(RECORDS FOR THE TASK begins)
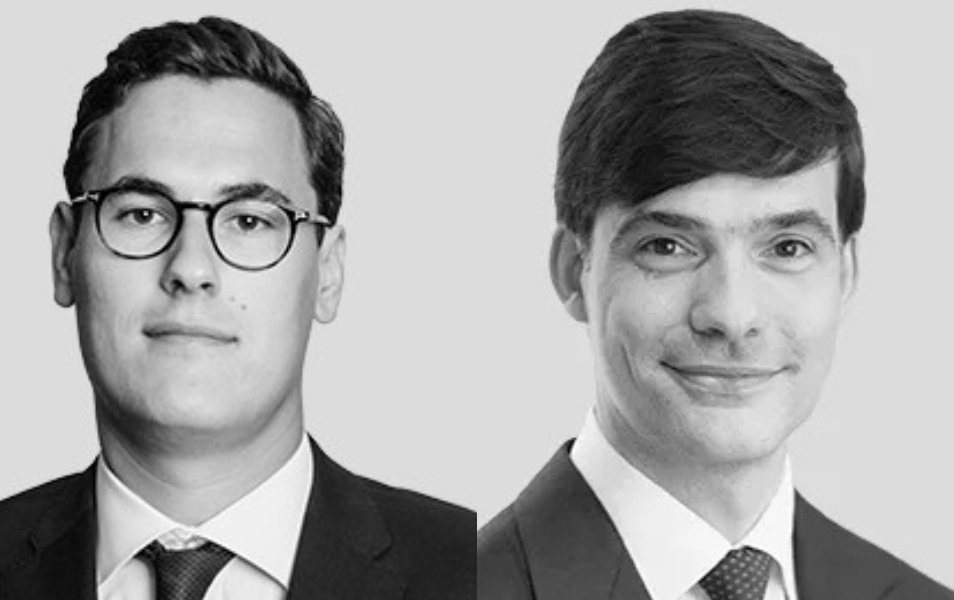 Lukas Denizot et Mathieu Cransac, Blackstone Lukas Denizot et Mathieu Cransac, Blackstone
(RECORDS FOR THE TASK ends)
(RECORDS FOR THE TASK begins)
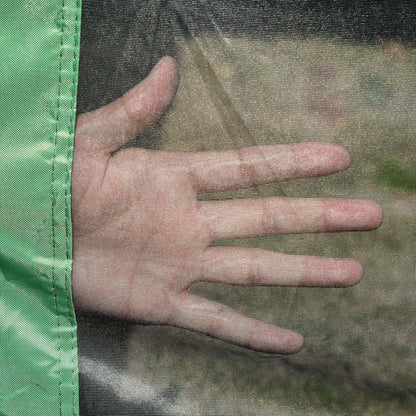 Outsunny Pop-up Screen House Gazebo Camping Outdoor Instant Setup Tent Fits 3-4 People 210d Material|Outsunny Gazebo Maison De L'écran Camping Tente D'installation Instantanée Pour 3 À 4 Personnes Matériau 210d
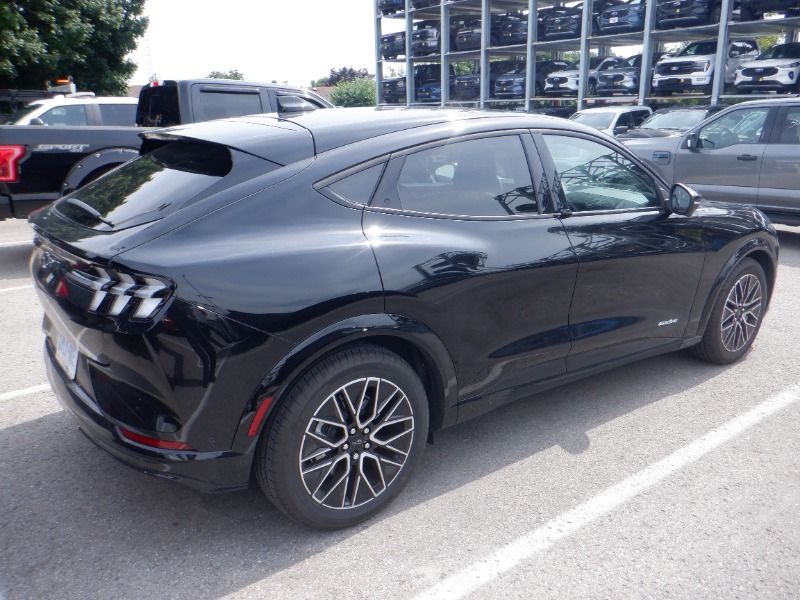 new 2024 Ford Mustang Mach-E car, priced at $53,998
(RECORDS FOR THE TASK ends)
TRY IT -
Beginning with the line above that contains "Outsunny Pop-up Screen" and finishing with the line that contains "new 2024 Ford", print those lines exactly and only. Skip all pictures.

WRITTEN REPLY -
 Outsunny Pop-up Screen House Gazebo Camping Outdoor Instant Setup Tent Fits 3-4 People 210d Material|Outsunny Gazebo Maison De L'écran Camping Tente D'installation Instantanée Pour 3 À 4 Personnes Matériau 210d
 new 2024 Ford Mustang Mach-E car, priced at $53,998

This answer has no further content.